Abb.: Ausbreitung des Lithium-abgereicherten Thermal­wassers um die...
Abb.: Ausbreitung des Lithium-abgereicherten Thermal­wassers um die Injektions­bohrung entlang der Störungs­zone nach dreißig Jahren (Bild: V. Goldberg, F. Nitschke)

Unklar war bislang allerdings, wie lange eine Förderung möglich ist. Mit einer weiteren Studie geben die Forscher nun einen optimistischen Ausblick: „Nach unseren Erkenntnissen ist ein Abbau mit geringen Umweltkosten über viele Jahre möglich“, so Goldberg. „Das für die Studie entwickelte Modell beschreibt eine mögliche Lithium­förderung im Oberrhein­graben, die Parameter sind aber so gewählt, dass sie sich auch auf andere Kluftsysteme übertragen lassen.“

Die Förderung von Lithium aus Thermalwässern ist keine herkömmliche Form des Bergbaus, weshalb bei der Analyse auch nicht auf die dabei üblichen Methoden zurückgegriffen werden konnte. „Das im Wasser gelöste Lithium kommt in einem weitverzweigten Netzwerk aus Klüften und Hohlräumen im Gestein vor. Es ist aber nur punktuell üdreißigber einzelne Bohrungen zugänglich“, erklärt Fabian Nitschke vom AGW, der ebenfalls an der Forschung beteiligt war. „Die Größe des Reservoirs hängt daher von der Wassermenge ab, die über die Bohrungen hydraulisch erschlossen werden kann.“

Um das Potenzial der Lithiumproduktion zu berechnen, mussten die Forscher berücksichtigen, wie viel Wasser gefördert werden kann, welche Menge an Lithium dieses Wasser enthält und wie viel davon pro Zeiteinheit extrahiert werden kann. „Wir nutzen dafür eine dynamische Transport­modellierung, angelehnt an die Untergrund­verhältnisse des Oberrhein­grabens, bei der wir thermische, hydraulische und chemische Prozesse gekoppelt betrachten. Ähnliche Modelle sind bereits aus der Öl- und Gasindustrie bekannt, wurden aber bisher noch nicht auf Lithium angewendet“, so Nitschke.
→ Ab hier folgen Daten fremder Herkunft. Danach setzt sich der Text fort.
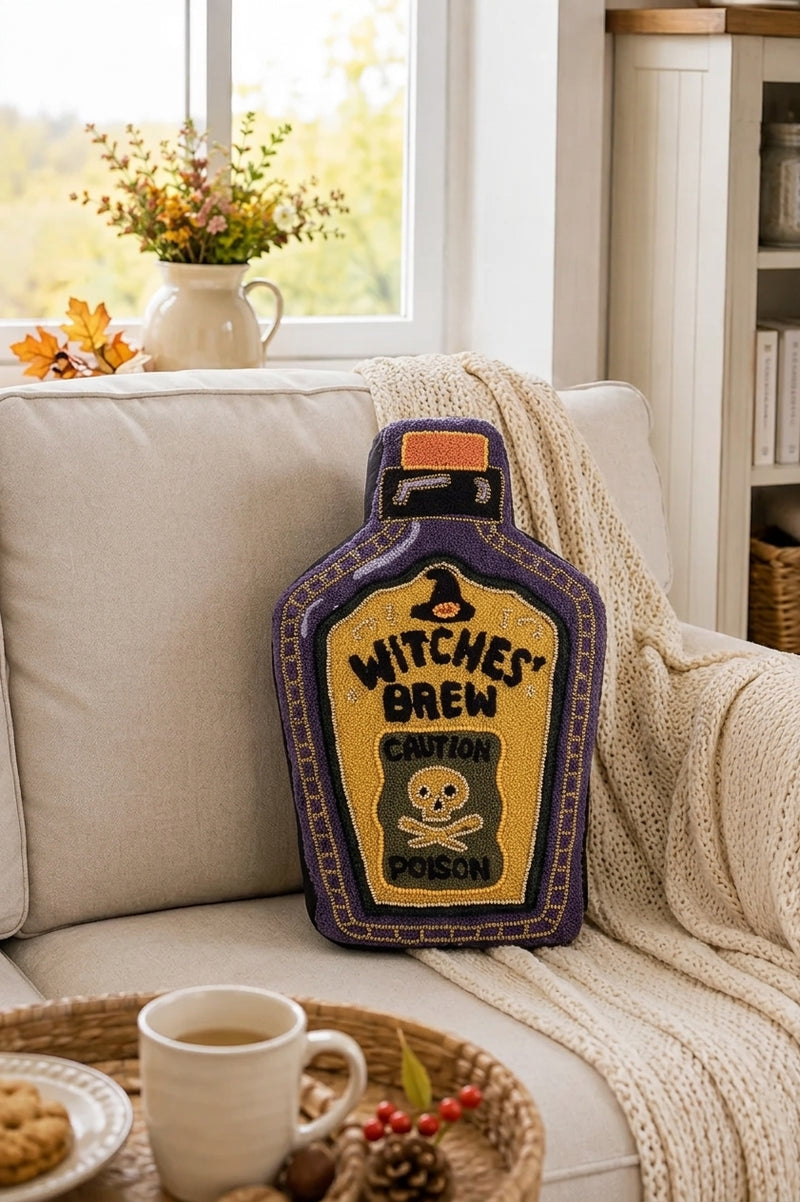 Cuscino Sagomato Bottiglia Pozione della Strega "Witches' Brew" – 20x33 cm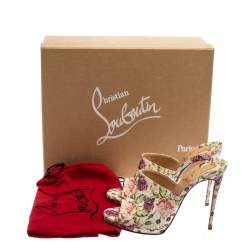 Pre Owned Christian Louboutin Multicolor Leather Piga  Flori Mules Size 36.5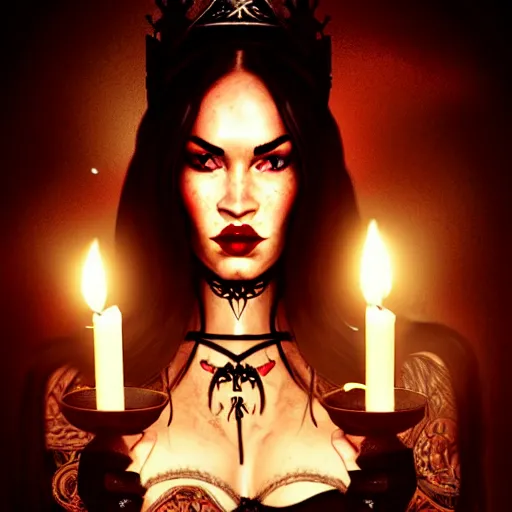Prompt: megan fox witch queen, black eyes, blood, full body, intricate victorian dress, cinematic lighting, symmetrical eyes, rafael albuquerque, charlie bowater, moody lighting, candles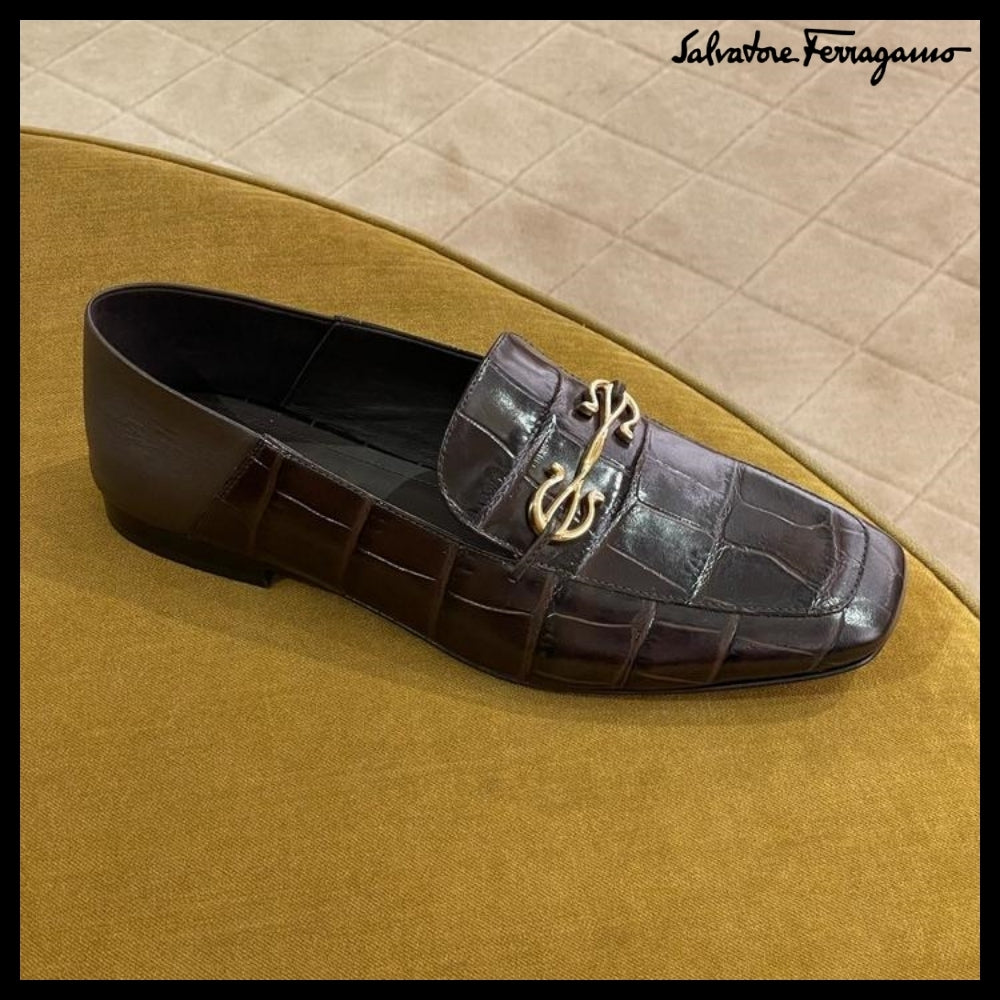 【FERRAGAMO】LOUIS GANCINI CROC PATTERN LOAFERS DARK BROWN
Da bei der Geothermie das geförderte Wasser nach der Nutzung über eine zweite Bohrung wieder in den Untergrund zurückgeführt wird, stellte sich die Frage, ob der Lithium­gehalt des Tiefenwassers mit der Zeit abnimmt. Die Ergebnisse zeigen, dass die Lithium­konzentration in der Förderbohrung im ersten Drittel des Betrachtungszeitraums von dreißig Jahren durch Verdünnung mit dem zurückgeführten Wasser zwischen dreißig und fünfzig Prozent abnimmt. Danach nähert sie sich aber einem konstanten Wert an. „Das ist auf das offene Kluftsystem zurückzuführen, das kontinuierlich frisches Tiefenwasser aus anderen Richtungen nachliefert“, sagt Nitschke. Basierend auf den Modellannahmen scheint eine kontinuierliche Lithium­förderung über Jahrzehnte möglich: „Im Grunde zeigt der Abbau dieser unkonventionellen Ressource einen klassischen Lagerstättenzyklus. Auch bei der Kohlen­wasser­stoff­förderung oder im Erzbergbau ist die Ausbeute am Anfang am höchsten und nimmt dann allmählich ab.“

Für Thomas Kohl vom AGW, der die Forschung als Professor für Geothermie und Reservoir-Technologie am KIT leitet, sind die Forschungs­ergebnisse ein weiteres Argument für einen breiten Ausbau der Geothermie: „Wir wussten bereits, dass die Geothermie uns über Jahrzehnte grundlastfähige, erneuerbare Energie liefern kann. Unsere Studie zeigt nun, dass ein einziges Kraftwerk im Oberrheingraben zusätzlich bis zu drei Prozent des jährlichen deutschen Lithium­bedarfs decken könnte.“

Auch an Lösungen zur praktischen Umsetzung arbeitet seine Forschungsgruppe. So stellte sie jüngst eine Studie in der Fachzeitschrift Desalination vor, in der sie eine unter realen Bedingungen getestete Thermalwasser­vorbehandlung für die Rohstoff­extraktion demonstrierte. „Im nächsten Schritt muss nun die Skalierung der Technologie auf einen industriellen Maßstab erfolgen“, so Kohl.